I feel like my blog is turning into a showcase of Eco Dive Center events… not that it’s a bad thing, its only because that is what’s going on right now. I’m sure more posts about all the reading, and notecard making and knowledge review taking that i’ve been doing wouldn’t be very exciting, so I’m trying to post my other dive/ocean related goings on.
My rescue dive class starts on March 15th and I am ready to go. I have all my reading done and have started going through the Divemaster materials. Based on talking with another guy doing the courses with me I might be acting a bit like an overachiever, but oh well, I really want to do well with these courses. Anyways, I digress.
Last night I spent the evening with folks from Eco Dive Center, at the Santa Monica Bay Aquarium. This is a tiny little aquarium nestled underneath the Santa Monica Pier. I had never been before, and if you haven’t either I would say go check it out. Its $2.00 to get in and it is very fun. The aquarium focuses on local marine life so you’re not going to find anything huge or exotic inside. What you will get is an up close look at some great animals, the opportunity to touch some (find the large black sea hare, its really soft and squishy) and a chance to talk with some awesome and knowledgeable people.
Aquarists Nick, Jose and Seth were there to answer questions and guide us around the aquarium. We got to play with the animals in the touch tanks, sea stars, sea hares, crabs, sea cucumbers, anemones, etc, it was neat to actually feel these animals that I normally just look at (or on the rare occasion touch with my neoprene gloved hand).

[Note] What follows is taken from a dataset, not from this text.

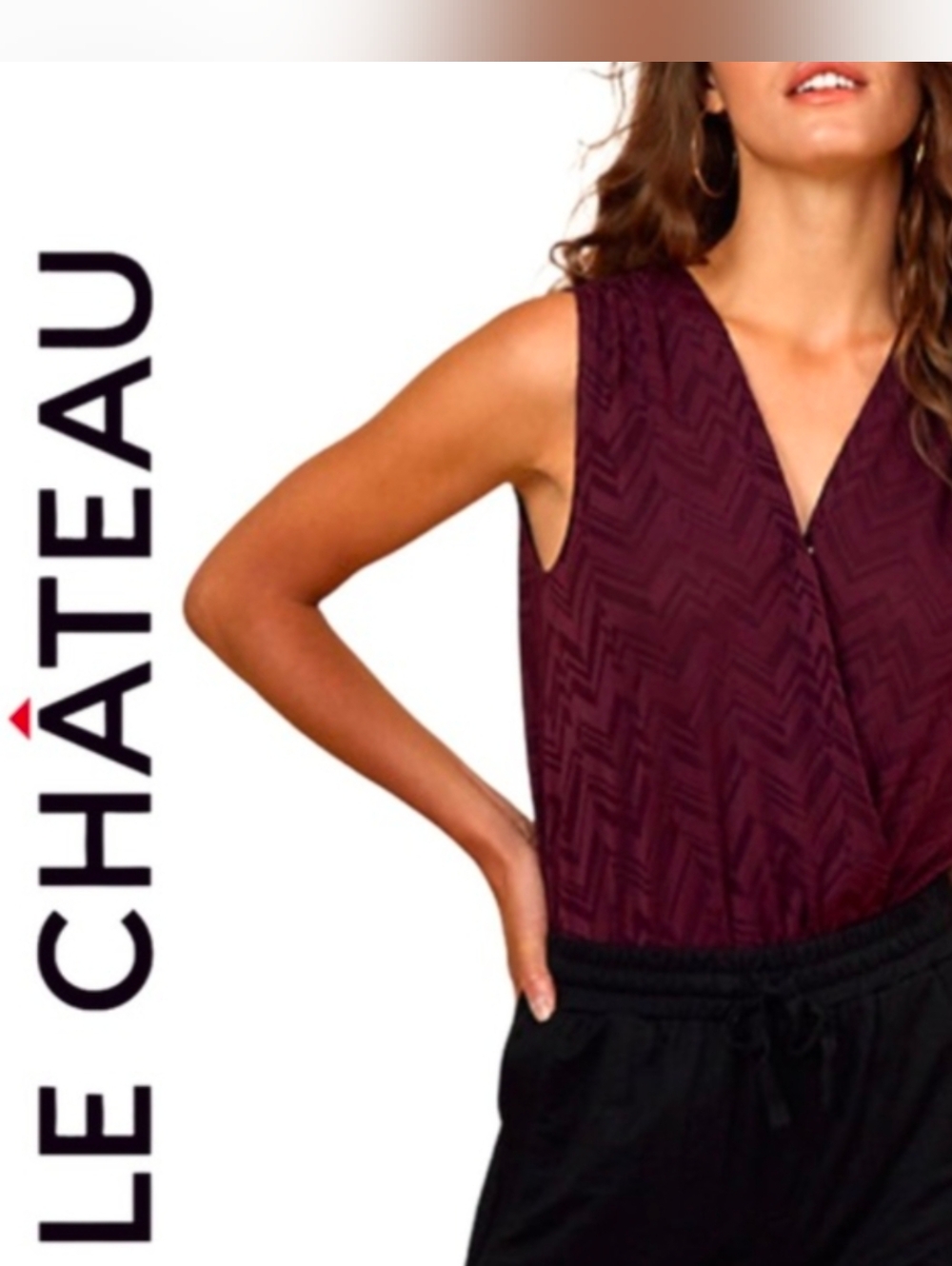 Le Chateau Dark Burgundy Bodysuit Blouse Size XXL Sleeveless Chevron New!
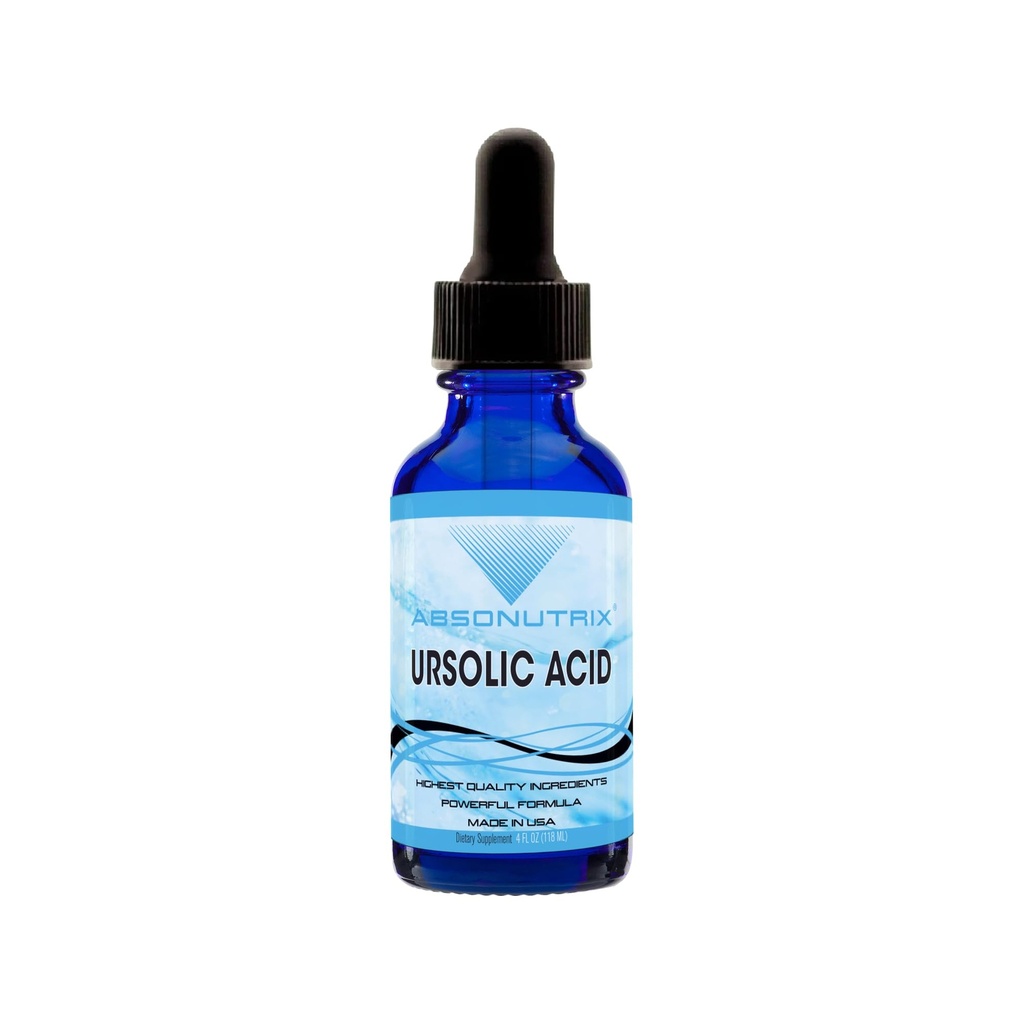 Ursolic Acid 590mg, 4 Fl Oz Bottle, 200 Highly Potent Servings, High Bioavailability, Quick Absorption, Third-Party Tested, GMP-Certified, Non-GMO, Cruelty-Free Products, Made in USA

After that we sat down for a quick Fish ID and local area information talk. Nick and Jose went through the basics of what fish we find out here, how to identify them, and some of their behaviors and characteristics. It was Ichthyology 101 in about 30 minutes. Awesome. Next they spoke on some of the problems our oceans, both globally and locally, are facing such as over fishing. Did you realize that if the current fishing practices are allowed to continue as is there will be no more fish (that we eat) in the ocean in approximately 30 years. That means that we could be the last generation to eat wild caught fish. Now I love some seafood and sushi, mmm, and would hate to see this happen so that fact really hit home. They also talked briefly on shark finning (a huge travesty! Check out the documentary Shark Water if you want to learn more about it). Ending on a good note, they brought up the new bills that folks are working to get passed which will set up Marine Protected Areas along the California coast, including places like Point Dume and Rocky Point in Palos Verdes. These protected areas are great because they will allow the ecosystem to restore itself without us constantly taking out and destroying.
The evening closed with a chance to learn more about some of the smaller local sharks, like the horn shark and swell shark, and a chance to get to feel these amazing animals. After that we got a “backstage” tour to see the how the aquarium functions. We ended the event wandering the pier from restaraunt to restaraunt until we found the one left open after 9:00pm and settled down at Bubba Gumps for a margarita and some food.